From Manchester, we flew to Moscow, which Hal had first visited in 1959 as a member of the

official USA-USSR youth exchange program, for an international African Studies conference. Hal

was participating as presenter and panel co-organizer with his friend Dmitri Bondarenko,

Deputy Director of Moscow’s Institute for African Research. Hal has been communicating with Russian scholars in African Studies since 1961 when the pioneering African American scholar, W.E.B Du Bois, gave him a letter of introduction to the Institute’s founding Director, I. I. Potekhin.  Update on a significant change in the financing of research on Africa in Russia: the business sector has begun to assume some financing as the Russian government pulls back its funding support. Anne, on her first visit to Russia, was able to visit the Kremlin and Red Square and other historical sights while Hal focused mostly on the conference that drew scholars from Africa, Asia, Europe, and the USA.  

 

We visited the campus of Friendship University (see photo above), established in 1960 to aid the decolonization process in Africa, Asia, and Latin America. This university has provided students with training in natural, physical, and health sciences, as well as agriculture and other technical areas that were not available to them in their home countries and elsewhere in most of the world.
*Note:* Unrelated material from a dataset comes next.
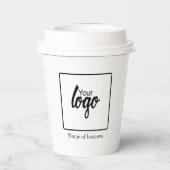 Gobelets En Papier Logo Entreprise personnalisée (Verso)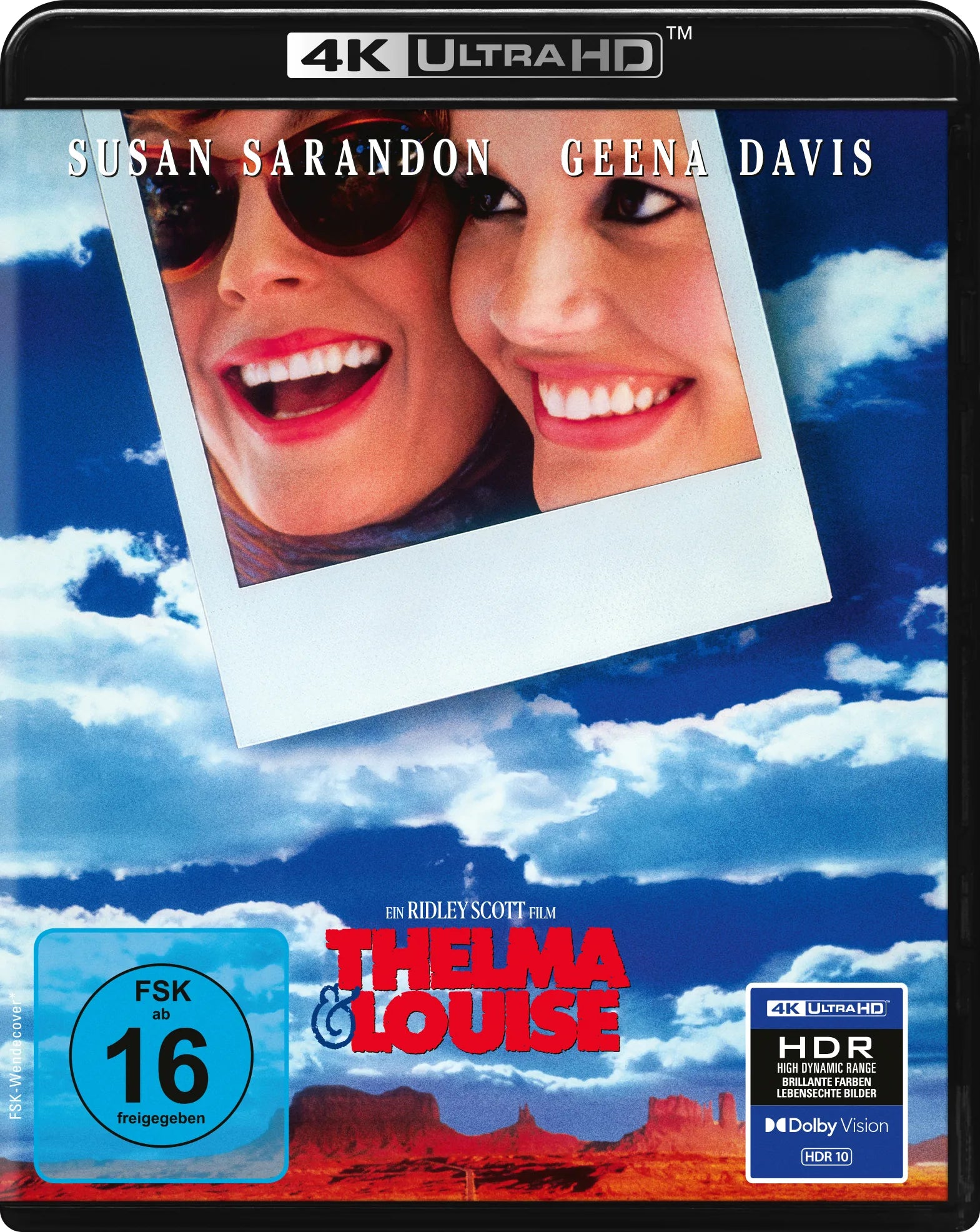 4K UHD Blu-ray-Cover: Thelma & Louise. Regie: Ridley Scott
Our visits to the State Central Museum of the Contemporary History of Russia and a large art gallery provided us with some glimpses into the rich history of Russia.  We witnessed what seemed like a popular Putin and a busy Russian economy despite Western sanctions.  Perhaps, our biggest surprise was at the iconic Bolshoi Theater, attending the theatrically innovative Hayden opera, ALMIDA (1783).  We did not expect two things: (1) to see gay and straight couples and groups simulating sex on stage in a country well known in the USA for its puritanism, homophobia, and anti-gay laws and (2) to learn later that ALMIDA--or for that matter, no Hayden opera--has ever been staged by a major USA opera house, including the Met.